In a broad sense, an adjuvant could be defined as a molecule or structure that can increase and/or modulate the immunogenicity of an antigen, allowing it to induce a potent and persistent immune response at low doses [3]. Some authors divided the adjuvants into two groups: immunostimulants (adjuvants that interact with specific receptors of antigen presenting cells) and delivery systems [4]. Particulate delivery systems may act as adjuvants because they can modify the uptake, trafficking and processing of antigens, which results in better and more adequate immune responses [5], [6].

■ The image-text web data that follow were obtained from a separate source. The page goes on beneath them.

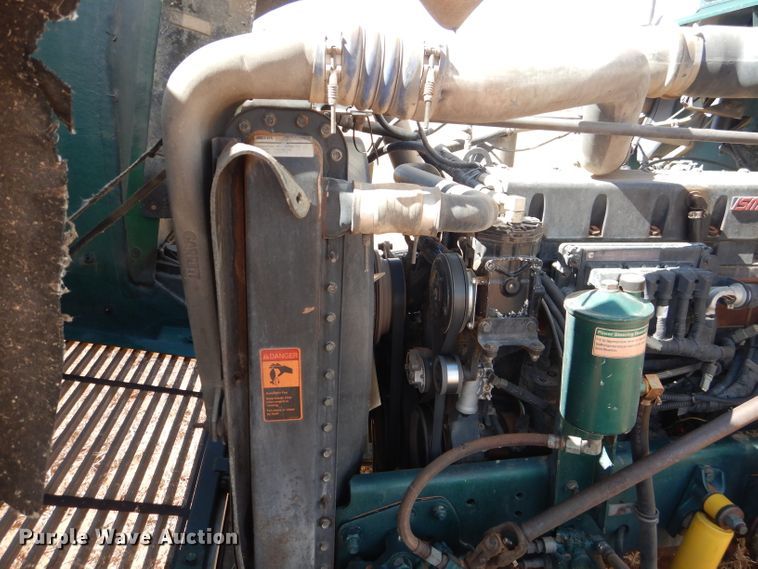 image for item DJ8936 2000 Freightliner FLD  semi truck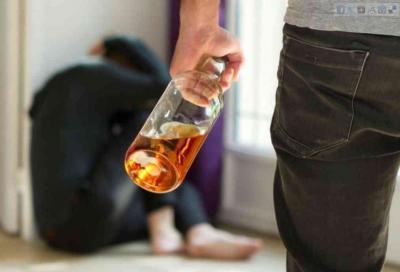 ΕΡΑΣΜΟΣ: Οι ουσίες είναι «πυροκροτητές» της βίας, παγιδεύοντας τα θύματα στο φαύλο κύκλο της κακοποίησης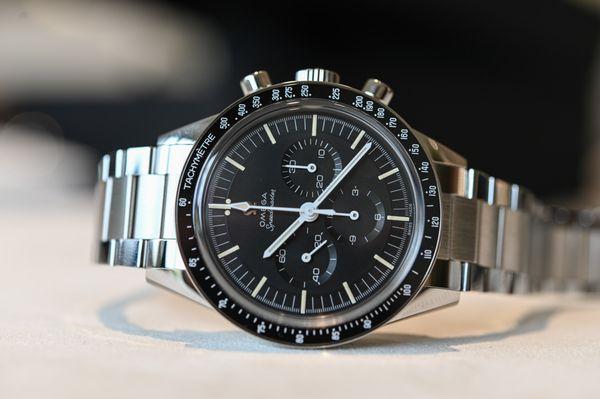 We buy all models of Omega watches and more! Get the best cash prices for your Omega here at South Bay Coin!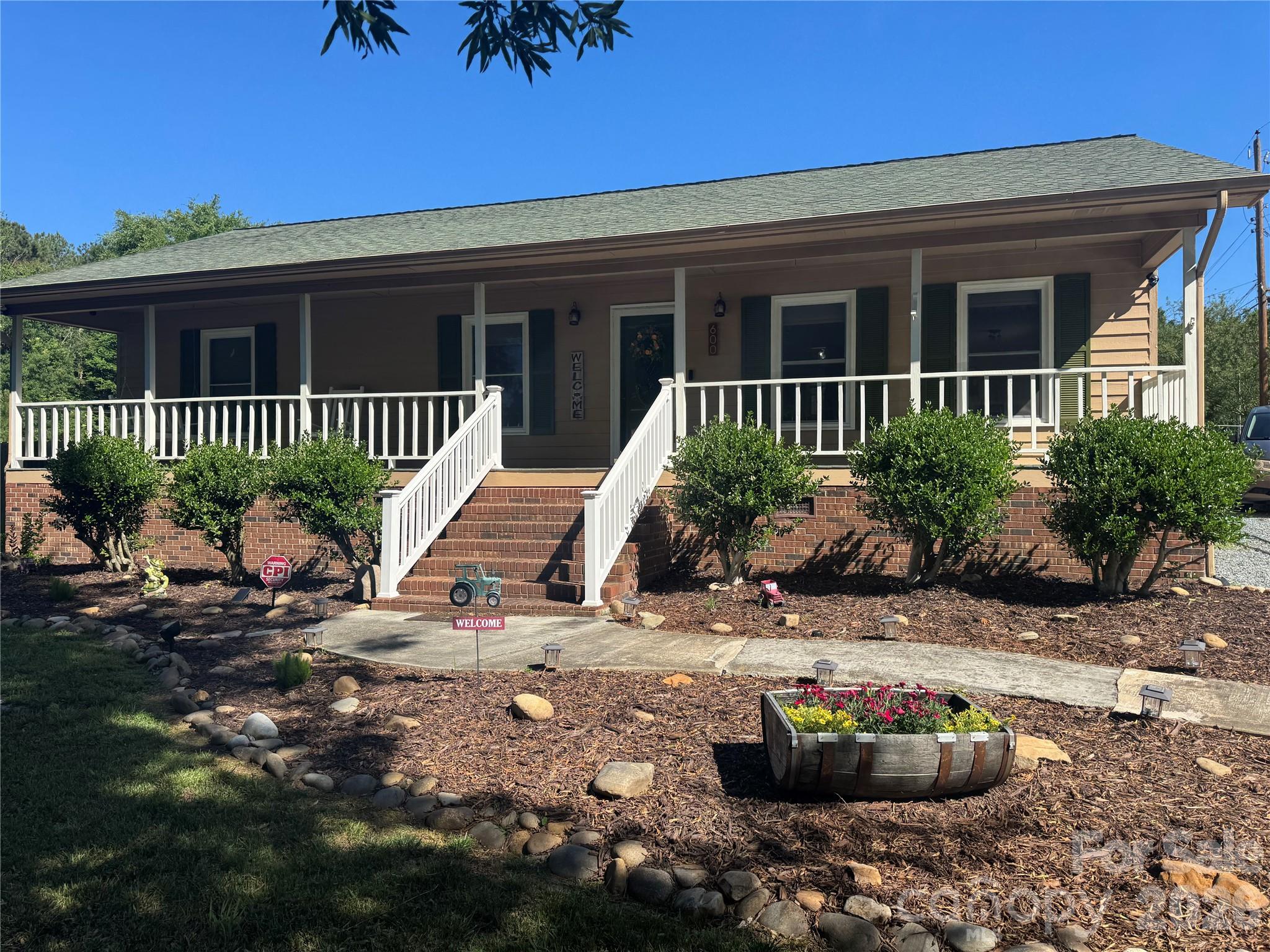 600 Fisher Street — Concord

In the design of novel “alum-free” vaccine particulate delivery systems, it is necessary to consider the nature of the antigen and its intrinsic immunogenicity, the administration route and the availability of biomaterials with an adequate safety profile. On the other hand, optimal particle size in antigen delivery still remains a controversial issue [4]. Nanometric systems have raised hope for better adjuvants because of their ability to control the release and increase the trans-epithelial transport of antigens, thus being considered as promising strategies for the development of single dose and needle-free vaccines [7], [8].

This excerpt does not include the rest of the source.